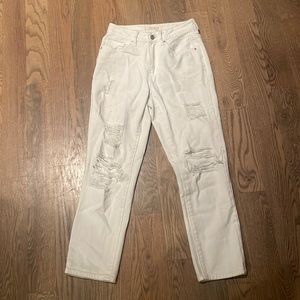 Pacsun white mom jeans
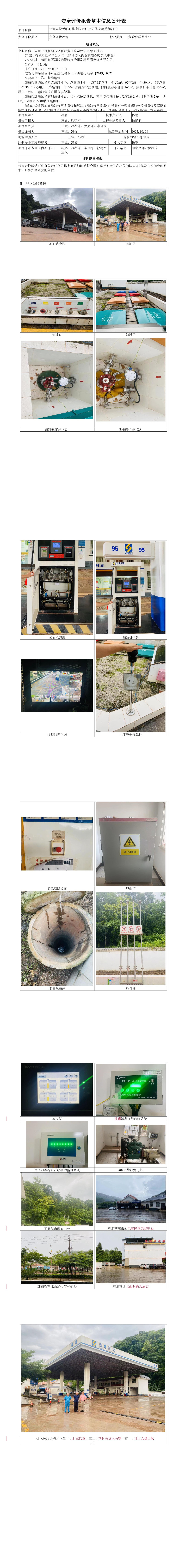 磨憨加油站基本信息公開(kāi)表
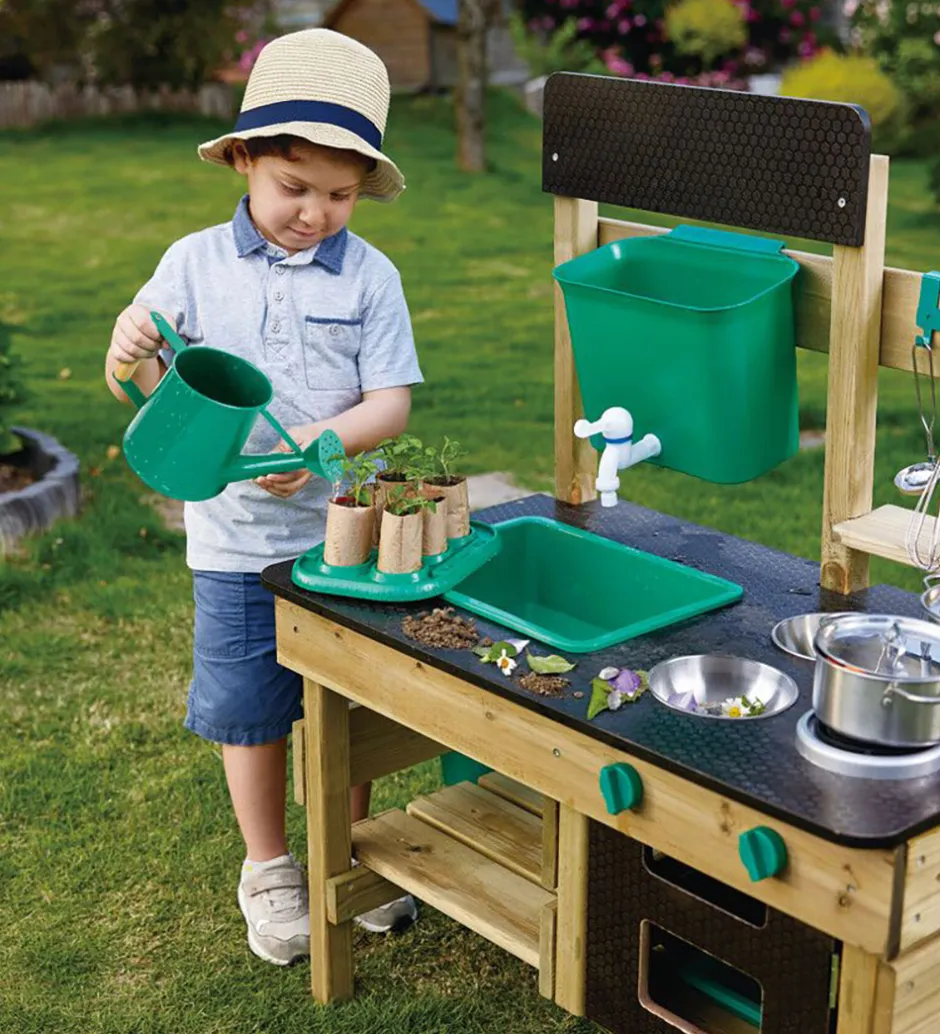 Legekøkken Og Legemøbel*Hape Udekøkken m. Tilbehør - Nature Fun
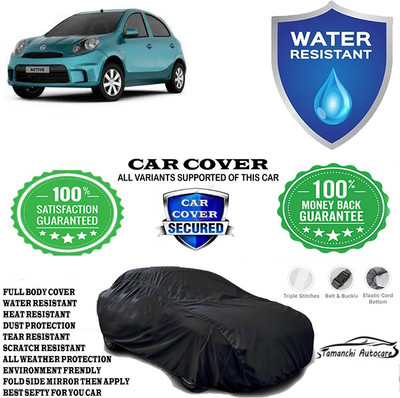 Tamanchi Autocare Car Cover For Nissan Micra Active(Black)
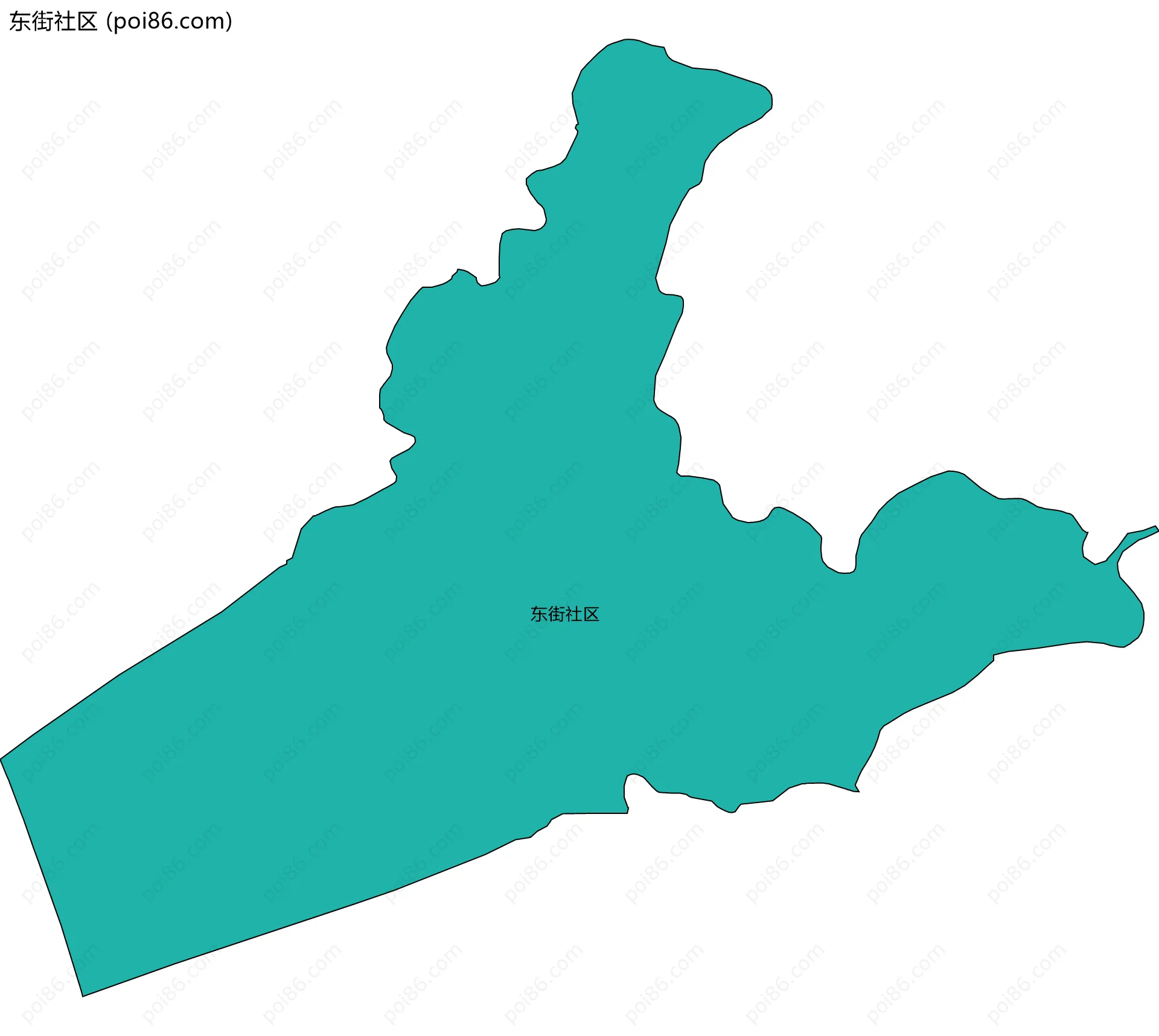 东街社区边界地图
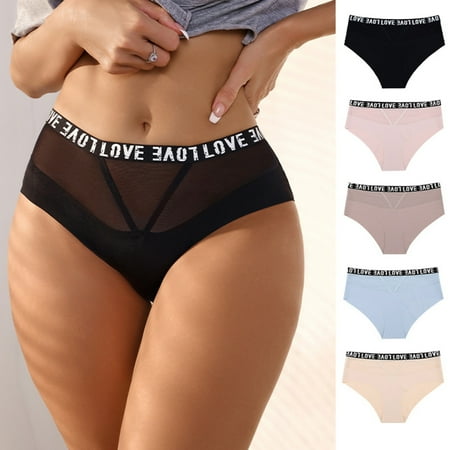 BSDJILFG Women s High Waisted Bikini Underwear No Show Panties Breathable Stretch Seamless Ladies Panty Savings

## Your instructions
Output the lines above in full and exactly as given, omitting any pictures.

## Answer below
 Pacsun white mom jeans
 磨憨加油站基本信息公開(kāi)表
 Legekøkken Og Legemøbel*Hape Udekøkken m. Tilbehør - Nature Fun
 Tamanchi Autocare Car Cover For Nissan Micra Active(Black)
 东街社区边界地图
 BSDJILFG Women s High Waisted Bikini Underwear No Show Panties Breathable Stretch Seamless Ladies Panty Savings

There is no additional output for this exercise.